-- WORK ITEM --
In the records below, find the line with "Clayre & Eef", then retype it and every following line exactly, stopping after the line with "20x20 2pk Keys". Leave the pictures out.

*** EXCERPTED RECORDS Section Begins ***

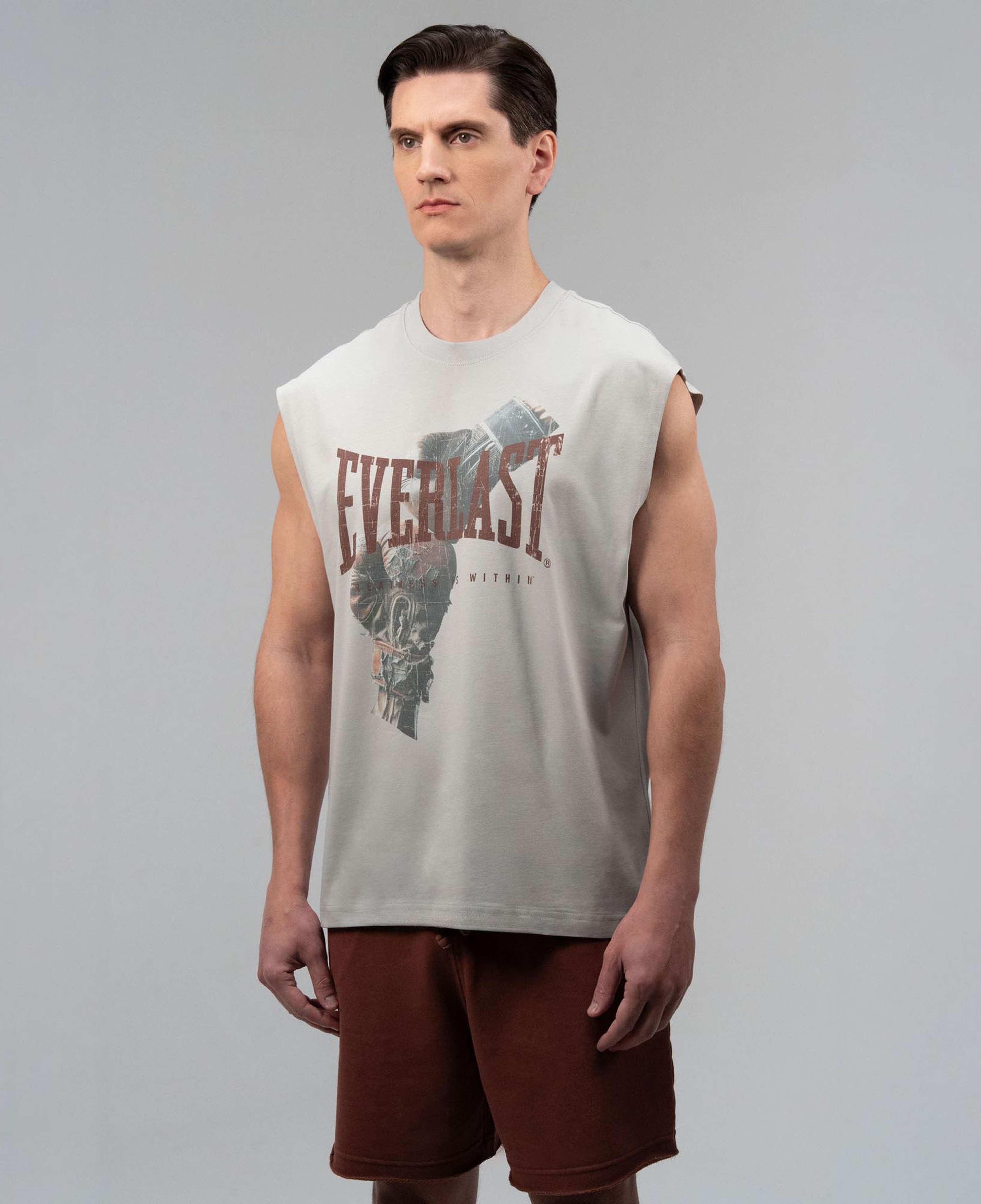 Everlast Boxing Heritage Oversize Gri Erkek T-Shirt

*** EXCERPTED RECORDS Section Ends ***
*** EXCERPTED RECORDS Section Begins ***

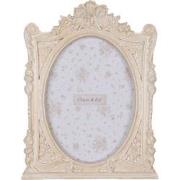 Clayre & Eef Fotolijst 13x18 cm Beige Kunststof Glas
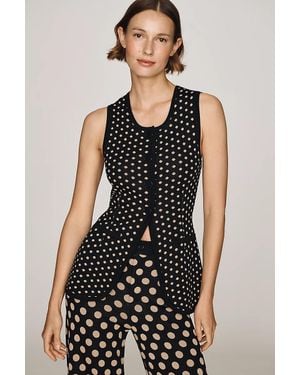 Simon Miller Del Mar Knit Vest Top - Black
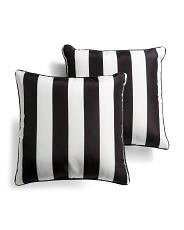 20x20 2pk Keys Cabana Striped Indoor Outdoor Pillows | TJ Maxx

*** EXCERPTED RECORDS Section Ends ***
*** EXCERPTED RECORDS Section Begins ***

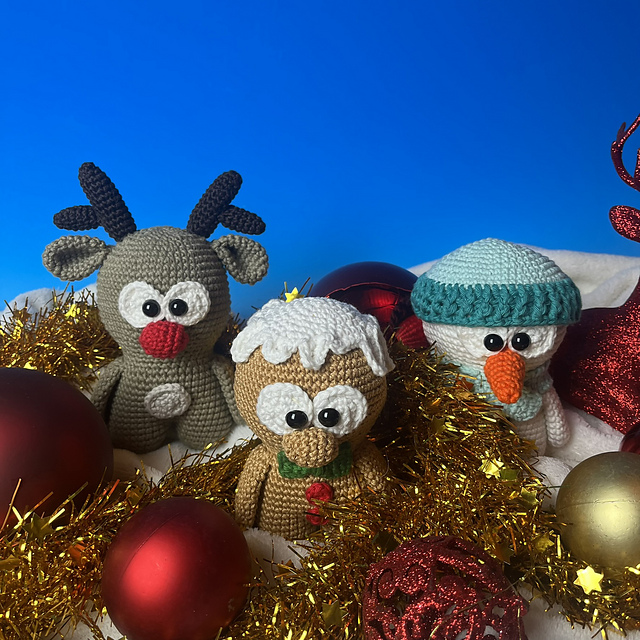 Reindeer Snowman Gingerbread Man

*** EXCERPTED RECORDS Section Ends ***

-- OUTPUT OF THE EXERCISE --
 Clayre & Eef Fotolijst 13x18 cm Beige Kunststof Glas
 Simon Miller Del Mar Knit Vest Top - Black
 20x20 2pk Keys Cabana Striped Indoor Outdoor Pillows | TJ Maxx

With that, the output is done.